Sentire come spesso aggrediamo il pavimento con i piedi, comprendere come allineare correttamente il nostro corpo per renderlo libero dal dolore e creare libertà nella nostra mente: questo è il percorso nel quale lo yoga ci guida per migliorare la qualità delle nostre vite. La consapevolezza risvegliata nel nostro corpo ci permetterà di portare istintivamente consapevolezza nel nostro vissuto quotidiano. Lo yoga aiuta a creare individui consapevoli che faranno scelte consapevoli in virtù di una nuova luce che illumina la loro coscienza.

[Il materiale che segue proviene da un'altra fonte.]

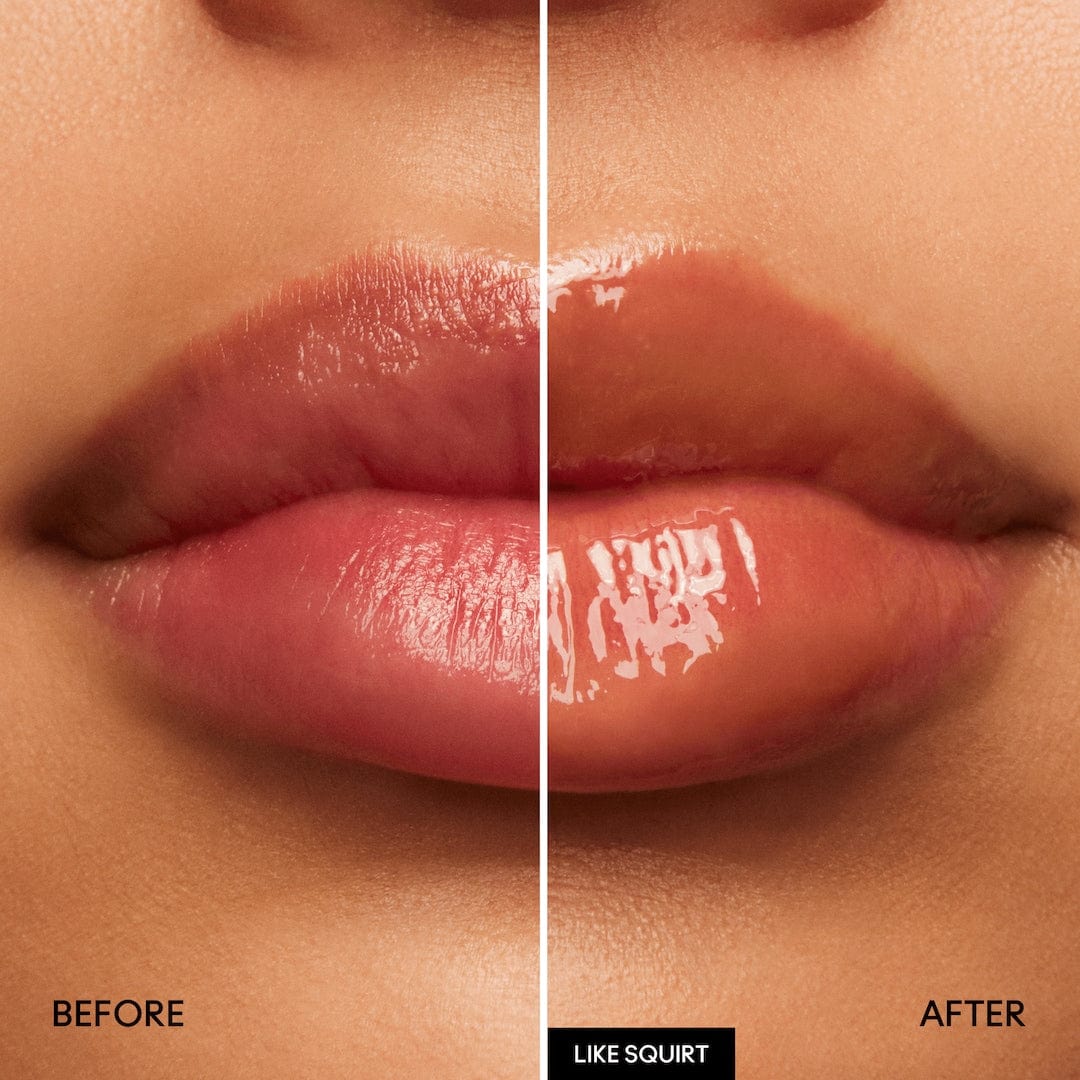 Mac Squirt Plumping Glossy Stick Lip Balm -Like Squirt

Questo significa scelta di una corretta alimentazione, di una giusta ripartizione di pratica dello yoga e lavoro quotidiano, di una scelta consapevole di pensieri e sentimenti che migliorino il proprio ambiente interno ed esterno. E scegliere una vita alla luce della consapevolezza e del risvegliarsi dal torpore robotico, non ci fa dissipare inutilmente energia ma ci fa prendere cura di noi stessi e vivere la vita che noi amiamo. Il corpo silenziosamente molto spesso palesa i conflitti vissuti nei nostri pensieri e nel nostro mondo dei sentimenti con rigidità, blocchi, spasmi improvvisi, “torcicolli”, “slogature” e tanto altro che la dice lunga sul nostro vissuto interiore.

Quel che oggi scrivo non vuole in alcuna maniera sostituirsi alla medicina della quale ho pieno rispetto, ma vuole semplicemente dare un ulteriore spunto di riflessione verso una visione psicosomatica del corpo umano. I disturbi artritici ci raccontano del non sentirsi amati, di antichi risentimenti non risolti e di un eccesso di critica verso gli altri. Le fratture ossee parlano di un tentativo di ribellione nei confronti dell’autorità. Una borsite descrive l’ira a lungo repressa dentro di noi.

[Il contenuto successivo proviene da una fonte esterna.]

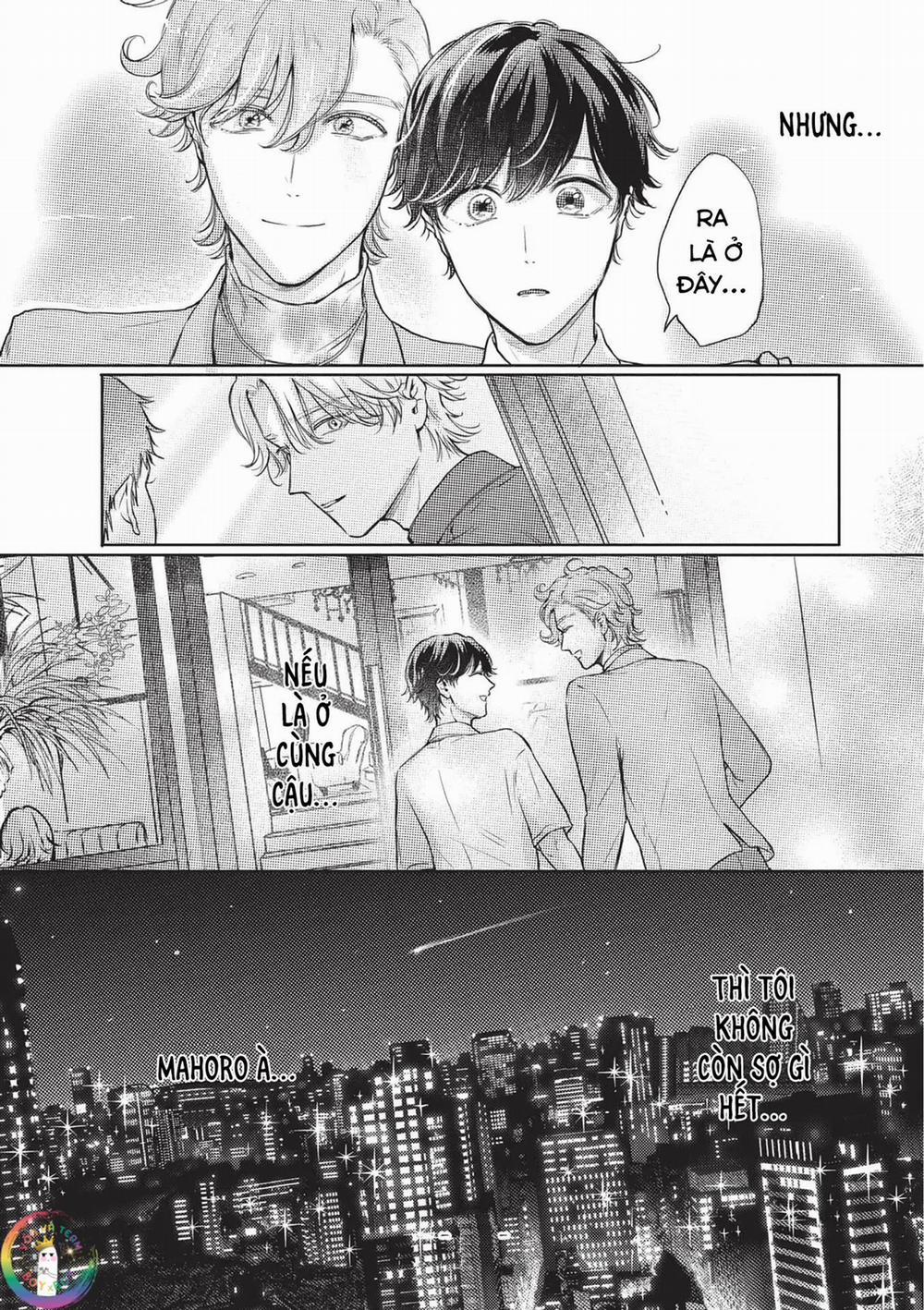 Cherry to Unicorn (END) 6 trang 34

Con le infiammazioni il nostro comunica le proprie paure, il “veder rosso” e un pensiero “infiammato”, estremo. Nell’inciampare e cadere continuamente, il corpo ci parla di una mancanza di centratura nel Sé e di mancanza di ordine nel pensiero. Una sciatica può descrivere una vita vissuta ipocritamente, la paura del futuro e del denaro. Gli scivolamenti dei dischi intervertebrali dipingono un sentimento assoluto di non essere supportati dalla Vita e indecisione.

Le slogature, specie se ricorrenti, raccontano il non volersi muovere verso una certa direzione nella vita, la resistenza interna e la rabbia a riguardo. Le varie “durezze” parlano delle nostre rigidità e del pensiero fisso. Spunti di riflessione che, uniti alla moderna scienza medica, danno una visione olistica del corpo umano.

Ma vediamo salendo dai piedi e arrivando alla testa, le differenti parti del corpo come possono raccontare i disagi interni.

Piedi – Le varie borsiti agli alluci raccontano di una mancanza di gioia nel vivere le esperienze della vita.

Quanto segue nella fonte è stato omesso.